Get up at sunrise, every day of the year, like our pre-industrial ancestors. Get to work when you are ready. In this utopia, there could still be scheduled meetings, but they are set far enough after sunrise that everyone can comfortably make it. Don’t worry, be happy.

This idea is not as insane as it might sound. With the new gig economy, working from home, etc., a lot of us can schedule our lives this way. What remains is to extend this benefit to low-wage laborers.

 

Method

Let’s say that the most natural time to get up is at astronomical sunrise, that moment when the first direct rays of sunlight reach you. There is a period before that called “dawn” where the sky starts to lighten. I believe that gradual increase in brightness is part of the natural wake up process, so that when the sun breaks over the horizon you are ready to start  doing stuff.

It usually takes people some time to get ready for the day then travel to school or work, let’s say 1.5 hours. This means the ideal time to arrive at your desk (school or work) is about 90 minutes after sunrise. Unfortunately, in the modern world we live by the clock rather than rising naturally. The average start time of a day job in the US is close to 8:00. If you’re a student, it’s 7:30. So the typical get up time is between 6:00 and 6:30.

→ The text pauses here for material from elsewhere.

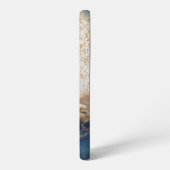 blaue Marmor Chic Gold Glitter Monogramm Samsung Galaxy Hülle (Linke Seite)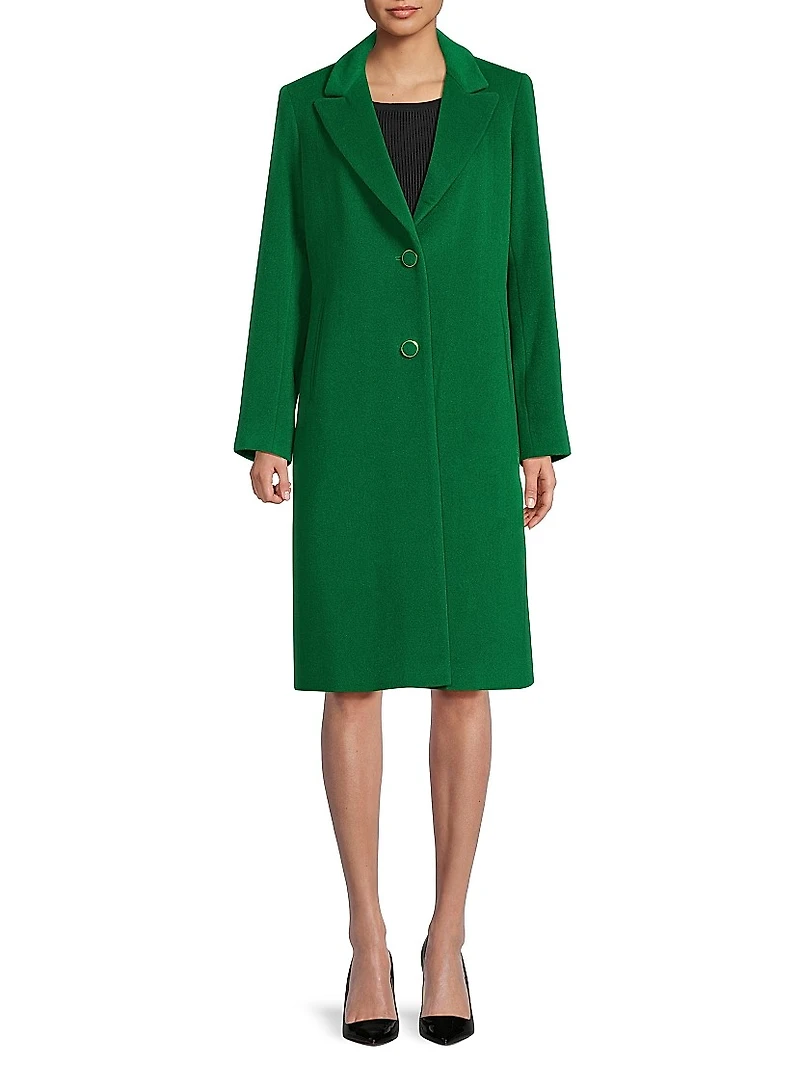 Wool-Blend Single-Breasted Coat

Sunrise varies with season and latitude. The name of that time varies with location within a particular timezone. You can calculate sunrise using this tool from NOAA. They also provide a spreadsheet for calculating sunrise times for an entire year. I took that spreadsheet and added a tab to calculate the stupidity score. You can download and try it for yourself. You can adjust the DST policy as you see fit, and change the penalty for hours before/after sunrise. Give it a try!

I chose Washington, DC as the reference location for this writeup. It seemed like a good place to measure the stupidity of policies. Ideally, a tool for actual decision-making about DST should compute the population-weighted average of a large number of locations across the country.

As you might guess, the optimal policy depends a lot on the penalty values you choose. It turns out that if you don’t care about the cost of getting up before dawn, Permanent DST is the best policy, but only by a tiny margin. If you don’t care about the cost of sleeping in, Permanent Standard Time is the best. If these penalties are equal and nonzero, the “Optimal DST” policy is still best.